In this work it was possible to determine that certain natural products obtained from ethanolic extracts, infusions and sub-extracts of H. multifolius and H. taeda have antibacterial capacity on different species of Gram-positive pathogenic bacteria. The presence of bioactive compounds, esculetin in H. multifolius, 18-acetoxy-cis-cleroda-3,13E-dien-15-oic acid and aromadendrin-7-methyl ether in H. taeda, are some of the compounds responsible for their antimicrobial activity respectively.

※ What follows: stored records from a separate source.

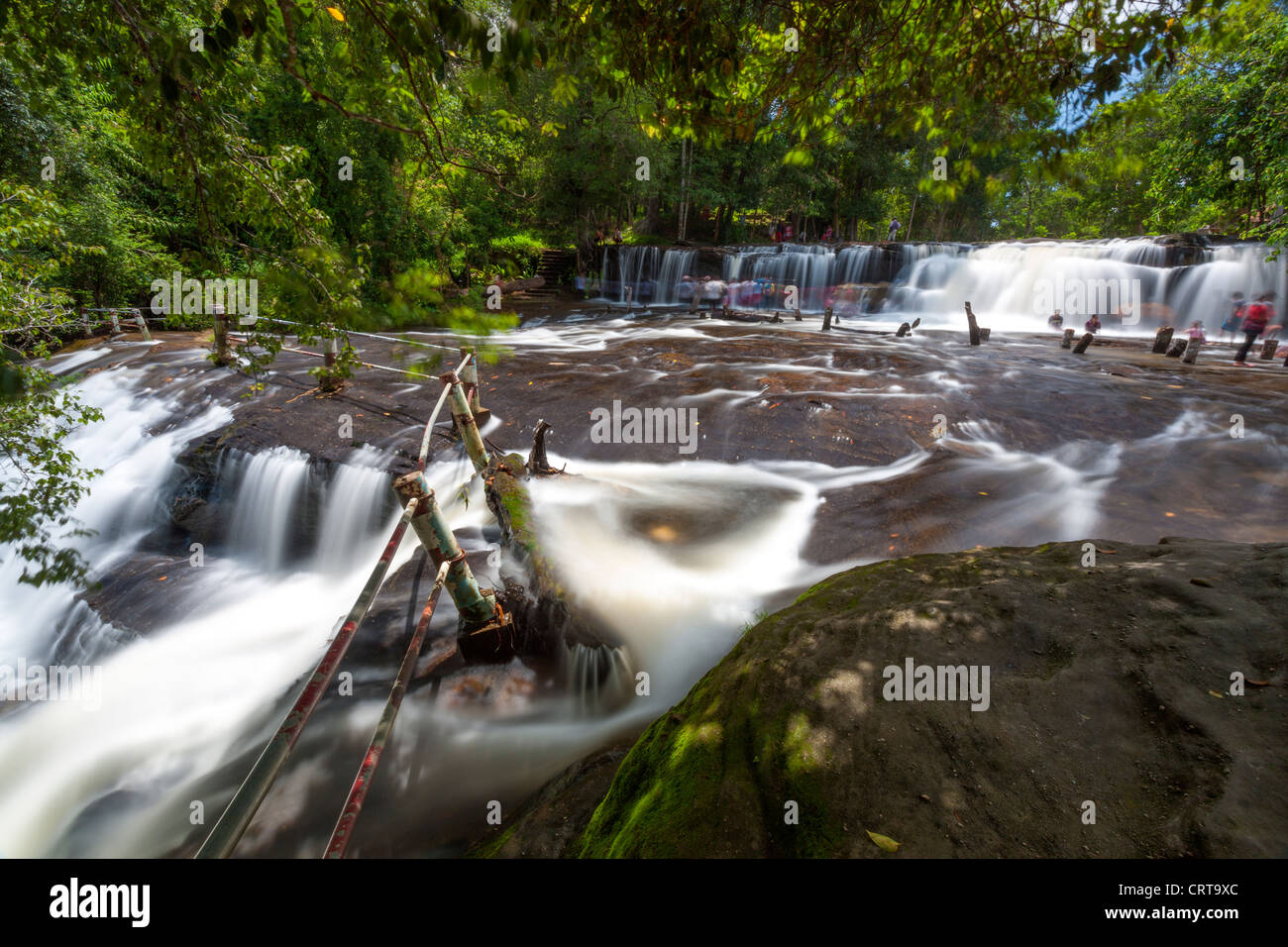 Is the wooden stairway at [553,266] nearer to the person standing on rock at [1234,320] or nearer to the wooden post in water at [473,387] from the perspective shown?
the wooden post in water at [473,387]

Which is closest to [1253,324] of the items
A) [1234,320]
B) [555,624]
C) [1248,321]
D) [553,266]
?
[1248,321]

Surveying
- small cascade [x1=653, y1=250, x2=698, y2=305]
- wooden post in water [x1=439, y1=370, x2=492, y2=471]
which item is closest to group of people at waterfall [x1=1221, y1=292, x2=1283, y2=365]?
wooden post in water [x1=439, y1=370, x2=492, y2=471]

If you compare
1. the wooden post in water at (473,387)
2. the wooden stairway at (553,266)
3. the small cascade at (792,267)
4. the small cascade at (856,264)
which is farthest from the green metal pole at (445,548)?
the wooden stairway at (553,266)

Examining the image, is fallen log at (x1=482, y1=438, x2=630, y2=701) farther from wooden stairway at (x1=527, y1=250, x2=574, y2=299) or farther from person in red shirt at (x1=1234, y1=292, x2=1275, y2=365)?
wooden stairway at (x1=527, y1=250, x2=574, y2=299)

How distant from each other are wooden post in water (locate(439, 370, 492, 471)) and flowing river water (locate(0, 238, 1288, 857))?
1091mm

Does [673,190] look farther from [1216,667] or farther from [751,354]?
[1216,667]

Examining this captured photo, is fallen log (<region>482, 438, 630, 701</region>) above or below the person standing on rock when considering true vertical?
below

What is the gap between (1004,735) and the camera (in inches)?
80.4

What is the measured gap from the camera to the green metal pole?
3201mm

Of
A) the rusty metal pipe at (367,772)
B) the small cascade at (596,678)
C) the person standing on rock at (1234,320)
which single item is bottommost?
the small cascade at (596,678)

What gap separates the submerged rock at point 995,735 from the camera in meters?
1.70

In future studies it will be important to carry out similar studies but using a greater number of microorganisms of each bacterial species sensitive to the products studied, particularly on Staphylococcus aureus strains that currently have a high resistance capacity to different antimicrobials. The use of some of the products studied with lethal capacity on S. aureus would be a contribution to the global fight against antibacterial resistance.